**Action item**
For the lines from the one with "バーバリースーパーコピー チェック柄のドローストリング付きカーゴショーツ" to the end of the listing below, both ends included, give an exact copy and nothing more. Do not copy pictures.

**The data**
---

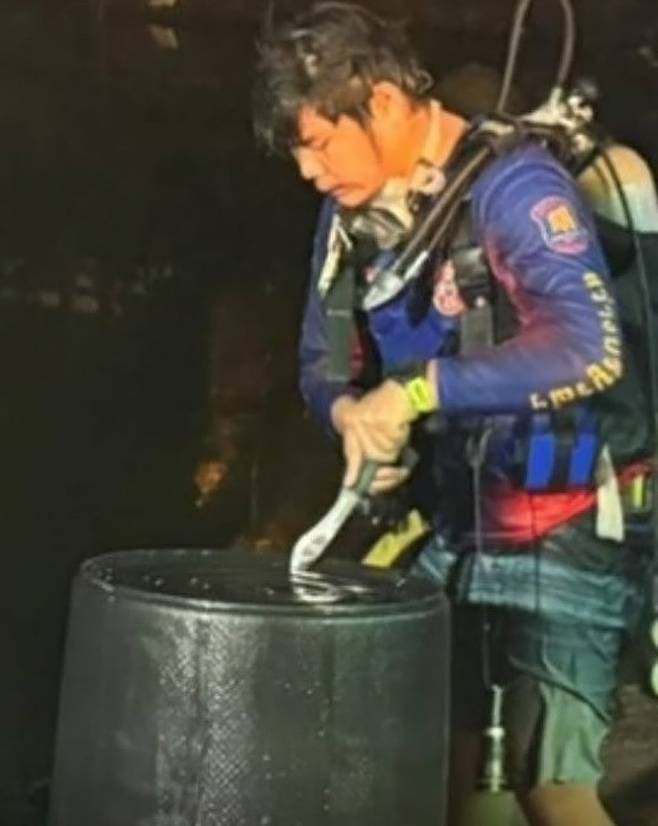 11일 태국 파타야 맙쁘라찬 저수지에서 잠수부들이 시멘트로 메워진 드럼통을 살펴보고 있다. 이 드럼통에서 한국인 노모 씨(34)로 추정되는 시신이 나왔다. 사진 출처 태국 PBS방송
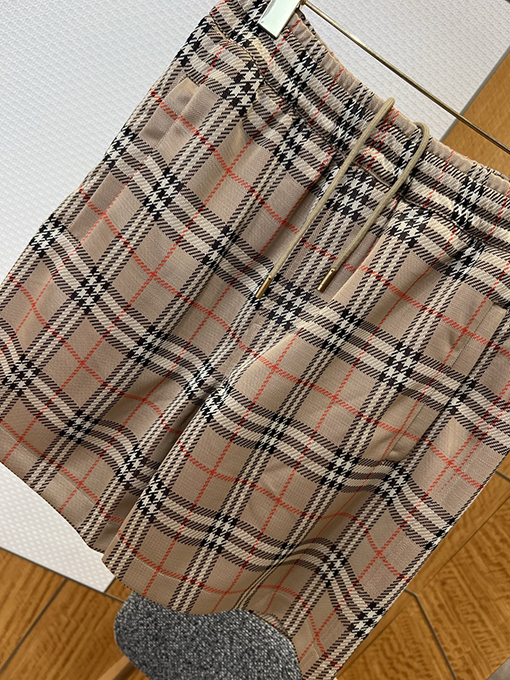 バーバリースーパーコピー チェック柄のドローストリング付きカーゴショーツ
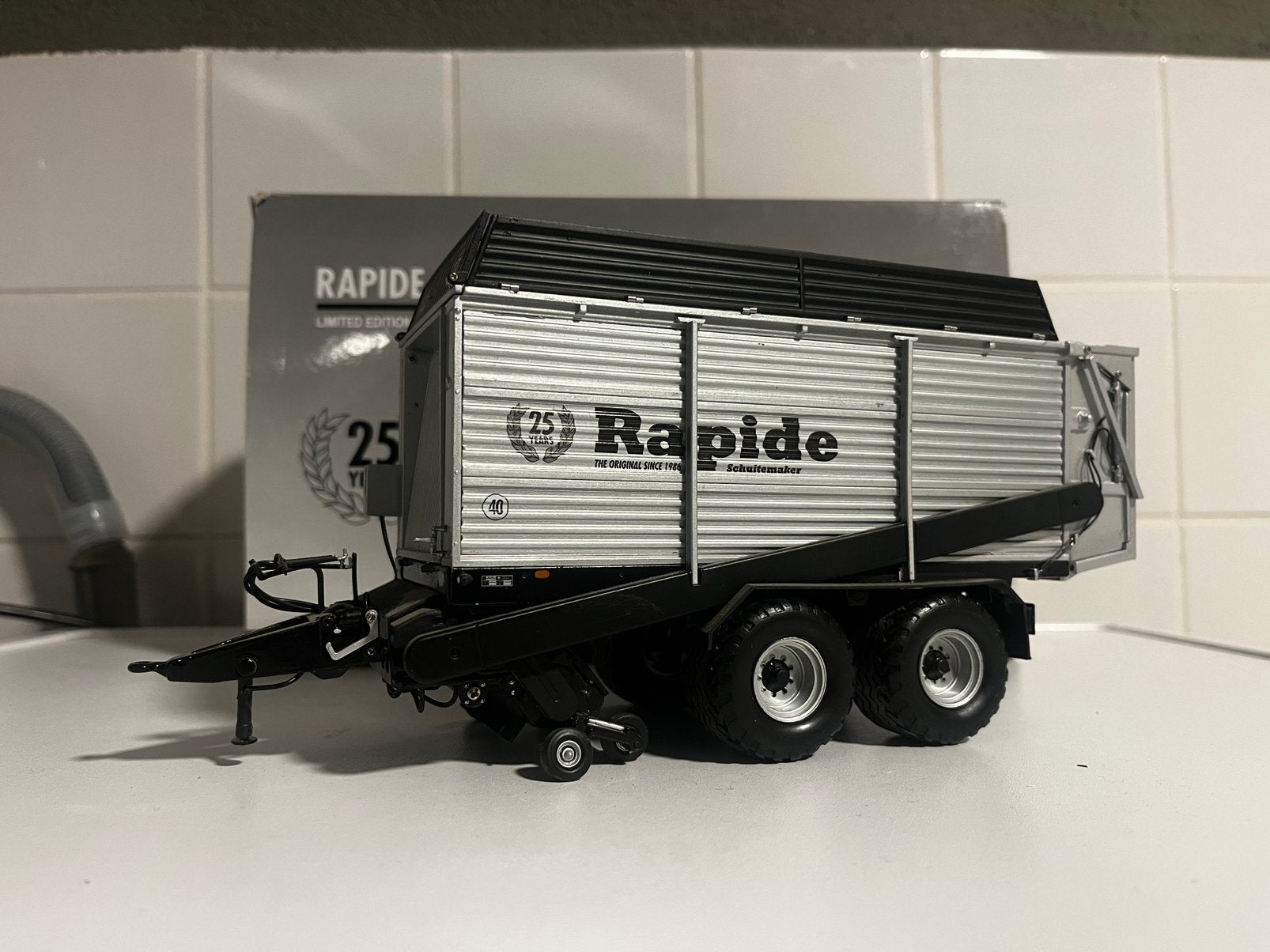 Schuitemaker Rapide 125 UH, Hobby en Vrije tijd, Ophalen of Verzenden, Zo goed als nieuw, Tractor of Landbouw, Universal Hobbies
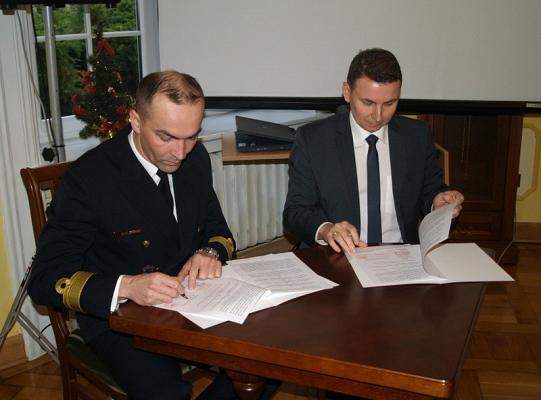 Podpisanie współpracy PCE z JW 4653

---

**Task solution**
 バーバリースーパーコピー チェック柄のドローストリング付きカーゴショーツ
 Schuitemaker Rapide 125 UH, Hobby en Vrije tijd, Ophalen of Verzenden, Zo goed als nieuw, Tractor of Landbouw, Universal Hobbies
 Podpisanie współpracy PCE z JW 4653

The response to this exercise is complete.